Honda Insight battery
One of the biggest hurdles for battery-powered hybrids and plug-in electric cars is their price tag. Buying that green car means shelling out plenty of green from your own pocket despite the narrow profit margin for the automakers. So does Washington have the answer to make battery powered cars a cost-effective, efficient, in-the-showroom option?
To answer that, let's follow the money. The president's stimulus package, now being called the American Recovery and Reinvestment Act, was signed into law on Feb. 17. From the $789 billion act, $16.8 billion will be appropriated for the Department of Energy to distribute. A $2 billion piece of this cash-filled pie will be administered by the DOE in the form of grants for advanced battery technology. The funds will be handed out by the DOE through its vehicle technologies program, which touts the goal of developing more energy efficient and environmentally-friendly autos.
The day after the act was signed into law, an employee from the DOE remarked, "there is no official timetable but my understanding is that the White House wants to disburse these funds A.S.A.P."
The Energy Department was quick to respond to direction from the White House. Two days after the act was signed, a press release was issued by Energy Secretary Steven Chu setting a rough timetable and outlining the quick disbursement of funds. In the release, Secretary Chu set forth a plan to issue new loan guarantees under the recovery act by early summer and to disburse 70 percent of the investment from the act by the end of 2010. That's a lot of cash in a short period of time.
This quick disbursement is good news for CEO Edward Williams of Firefly Energy, a manufacturer of advanced lead acid batteries - think of your regular car battery on steroids. Williams is pursuing DOE funding for engineering and building a manufacturing plant for the company's next generation 3D-squared microcell foam battery technology. Confusing? Here is something more concrete: Once the 3D-squared plant is built, the company's goal is to supply up to 100,000 vehicles per year with advanced batteries. To put this number into perspective, Toyota sold approximately 160,000 Prius hybrid vehicles in 2008.
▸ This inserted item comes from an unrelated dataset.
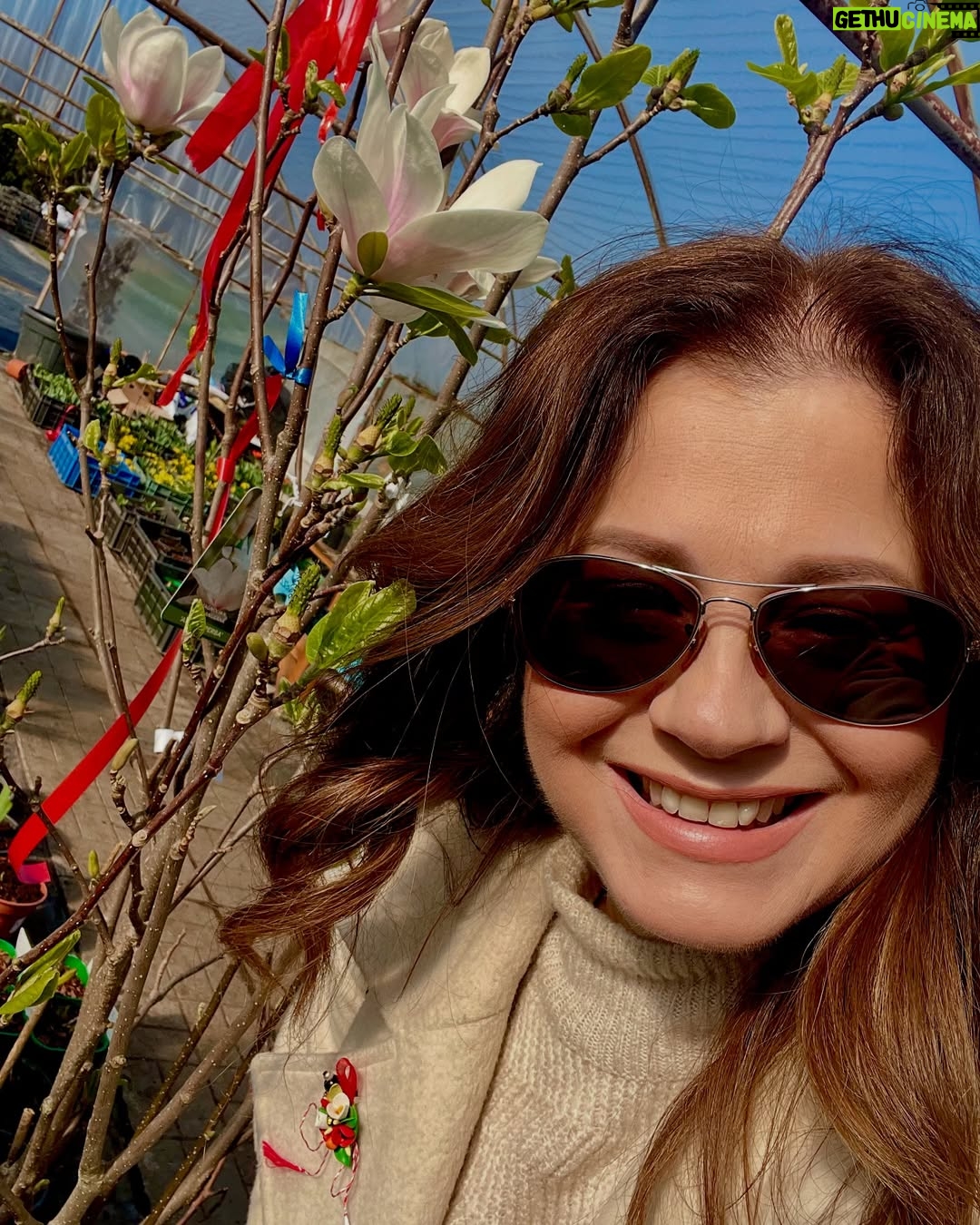 Corina Dănilă - 451 Likes - L-am vizitat pe Laurențiu la Gardenis, în Agronomie, pentru că am decis să ne mai luăm doi pomișori: un nectarin și un măr golden delicious. O revărsare de culori de primăvară am descoperit și am primit ajutorul neprețuit al Georgianei în alegerea noastră, așa că am mai luat un bujor roșu ca focul și un liliac pitic, pe lângă ce ne-am propus.. Şi n-aș mai fi plecat de lângă magnoliile înflorite!! ❤️
De-acum urmează operațiunea “plantarea”! 😄
#spring #fyp #foryou #foryoupage #springvibes🌸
Let's examine another player in the automotive battery market: A123 Systems. With strong ties to Chrysler and General Motors, A123 has a loan application waiting for approval from the DOE totaling $1.84 billion to build U.S. based lithium-ion battery manufacturing facilities. The goal of A123 Systems is to provide battery systems for five million hybrid vehicles or 500,000 plug-in electric vehicles by 2013 when the plants are at full production, according to a recent press release. The first battery plant is slated to be built in southeast Michigan, no doubt a fitting location for the green revolution.
What are the hurdles for vehicle-based batteries? Lithium-ion cells, like the ones planned for the Chevy Volt, are a popular because of their energy density. They store a lot of energy for their weight compared to other types of batteries, but are expensive to manufacture. Some of the main elements used in these batteries are lithium, manganese and cobalt, which are very expensive to dig up from terra firma. As demand for these elements increases, so do the prices. Battery companies are adjusting to these challenges by experimenting with various materials to make these batteries cheaper and more efficient. Tesla Motors has found a way to squeeze out an average 220 miles per charge of its 2009 Roadster using lithium-ion cells. It also comes with staggering acceleration times and a $100,000 price tag that is out of reach for most of us. The high-tech batteries are at the bleeding-edge level at this point. Perhaps a little time and money can bring them into a leading-edge reality.
This reality comes closer to home with the new administration's support for battery technology through this influx of funding. The battery manufacturers are poised for a rapid expansion in manufacturing when these government funds become available. This should translate into cheaper, more advanced batteries for hybrid and plug-in electric vehicles, bringing that price tag down to a more manageable level for the average car buyer.
Consumers are more than willing to switch to a cleaner, effective, electron-juiced car but not if it means giving up the luxury, convenience and performance of current petroleum-based autos. When the Chevy Volt can blow the doors off a Mustang GT and keep the wheels spinning for 500 miles per charge, consumers will fall in love. Ditching the spaceship-bubble look couldn't hurt either.